[Stored items]
###

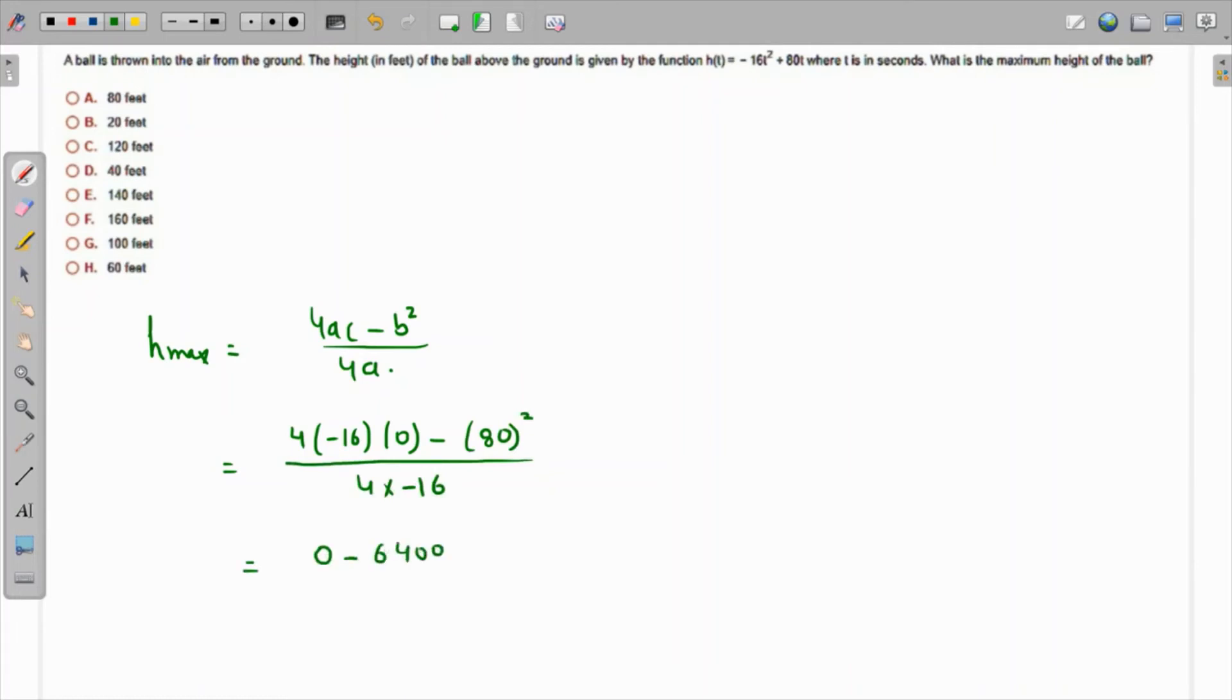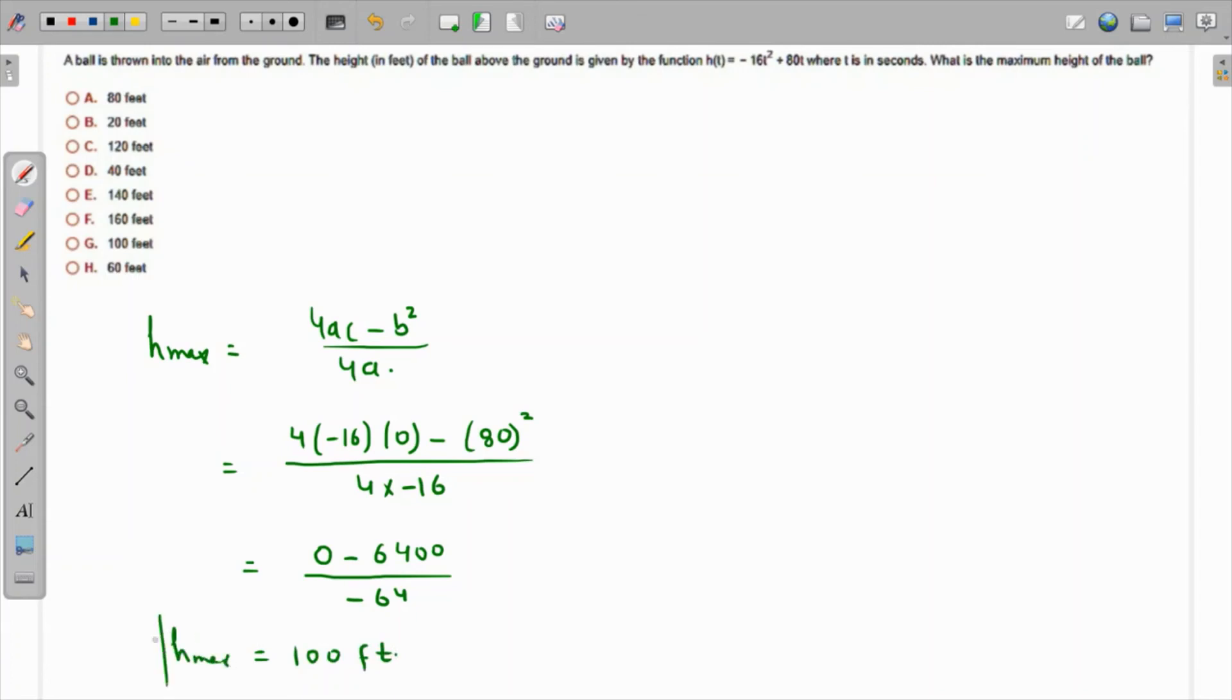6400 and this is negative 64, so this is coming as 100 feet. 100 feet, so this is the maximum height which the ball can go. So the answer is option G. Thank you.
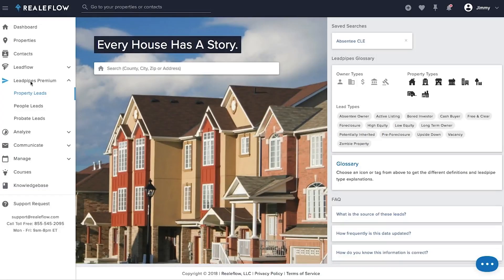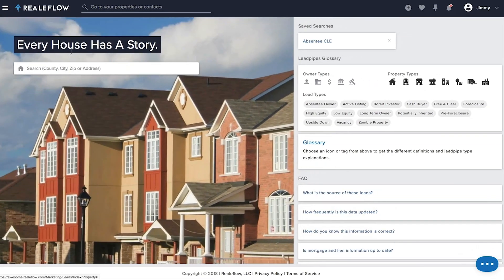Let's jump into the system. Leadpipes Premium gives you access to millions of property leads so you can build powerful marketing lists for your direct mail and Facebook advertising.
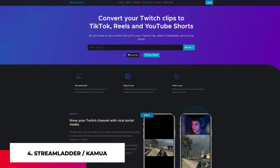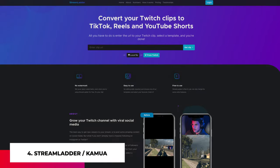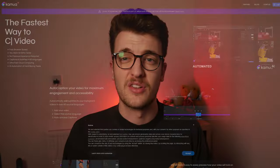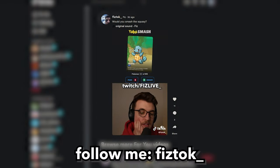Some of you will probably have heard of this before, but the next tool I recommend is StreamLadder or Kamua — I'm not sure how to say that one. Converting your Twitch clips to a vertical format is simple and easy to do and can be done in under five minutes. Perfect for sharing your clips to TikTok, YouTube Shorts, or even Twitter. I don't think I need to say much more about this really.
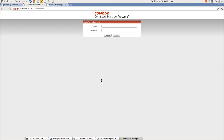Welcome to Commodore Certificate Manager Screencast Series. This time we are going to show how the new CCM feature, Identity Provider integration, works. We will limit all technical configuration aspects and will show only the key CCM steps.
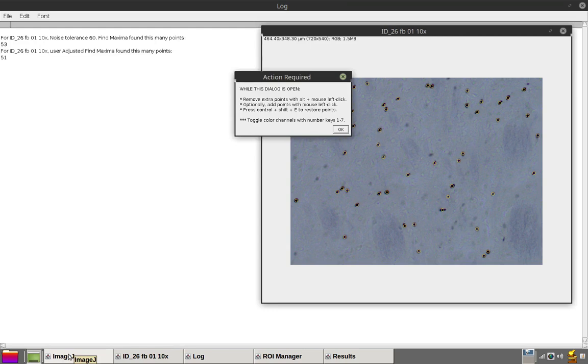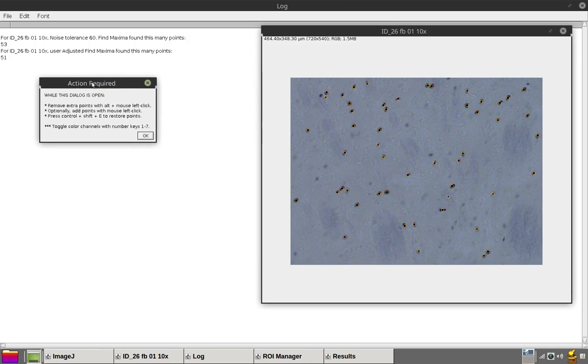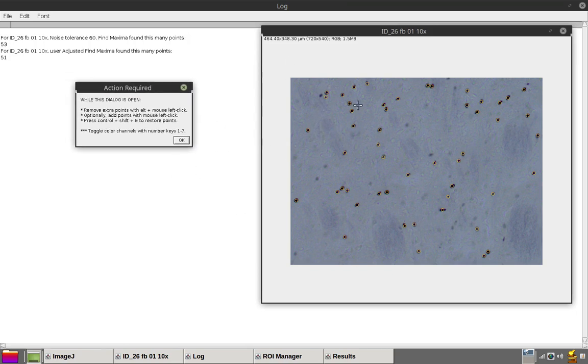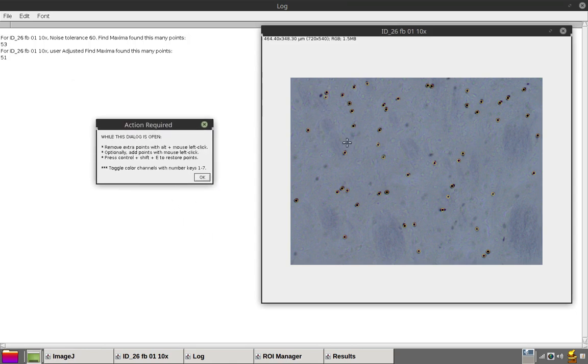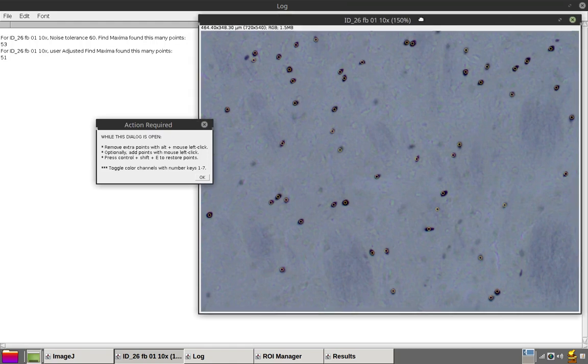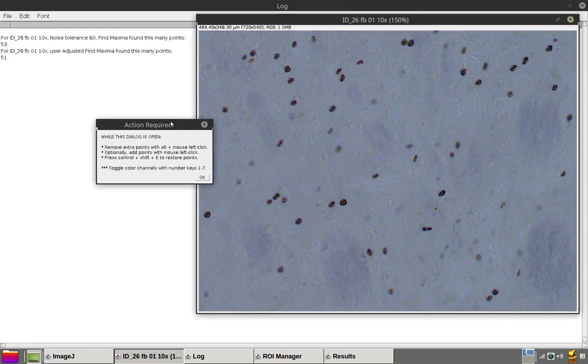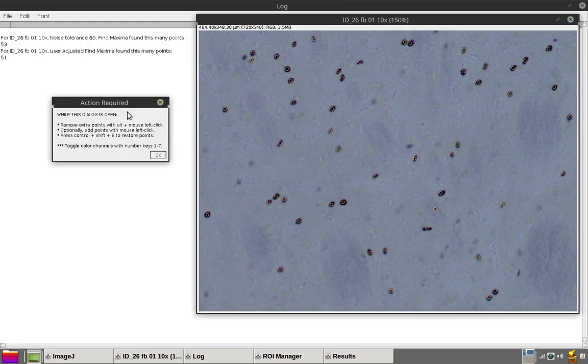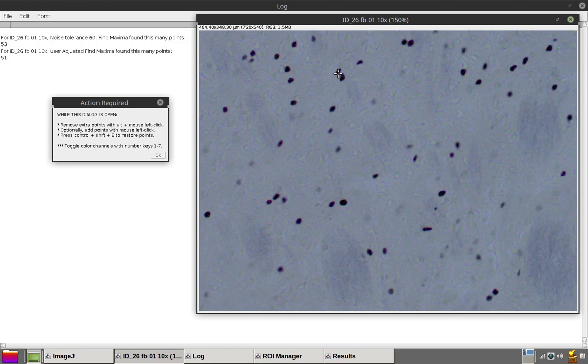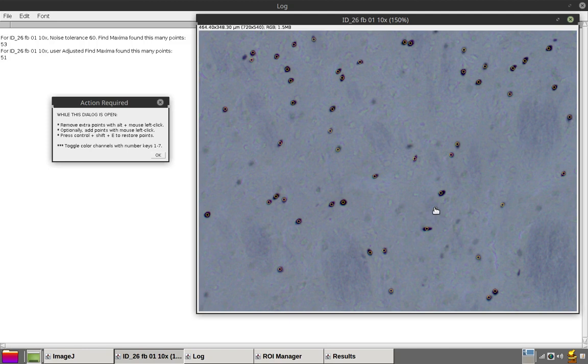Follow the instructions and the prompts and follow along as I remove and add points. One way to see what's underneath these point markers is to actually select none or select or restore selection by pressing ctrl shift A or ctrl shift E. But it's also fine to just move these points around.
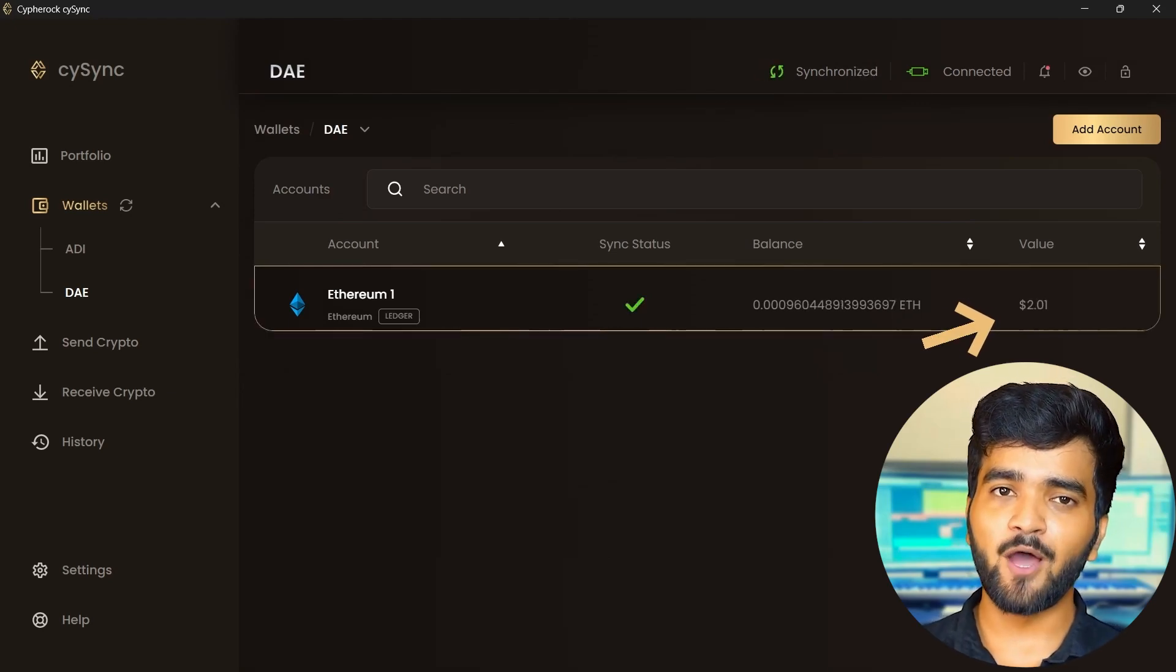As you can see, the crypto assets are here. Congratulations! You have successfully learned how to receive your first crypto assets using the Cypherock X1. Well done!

###

Work task
The entries above should be given again exactly, minus any pictures.

Output
6400 and this is negative 64, so this is coming as 100 feet. 100 feet, so this is the maximum height which the ball can go. So the answer is option G. Thank you.
Let's jump into the system. Leadpipes Premium gives you access to millions of property leads so you can build powerful marketing lists for your direct mail and Facebook advertising.
Some of you will probably have heard of this before, but the next tool I recommend is StreamLadder or Kamua — I'm not sure how to say that one. Converting your Twitch clips to a vertical format is simple and easy to do and can be done in under five minutes. Perfect for sharing your clips to TikTok, YouTube Shorts, or even Twitter. I don't think I need to say much more about this really.
Welcome to Commodore Certificate Manager Screencast Series. This time we are going to show how the new CCM feature, Identity Provider integration, works. We will limit all technical configuration aspects and will show only the key CCM steps.
Follow the instructions and the prompts and follow along as I remove and add points. One way to see what's underneath these point markers is to actually select none or select or restore selection by pressing ctrl shift A or ctrl shift E. But it's also fine to just move these points around.
As you can see, the crypto assets are here. Congratulations! You have successfully learned how to receive your first crypto assets using the Cypherock X1. Well done!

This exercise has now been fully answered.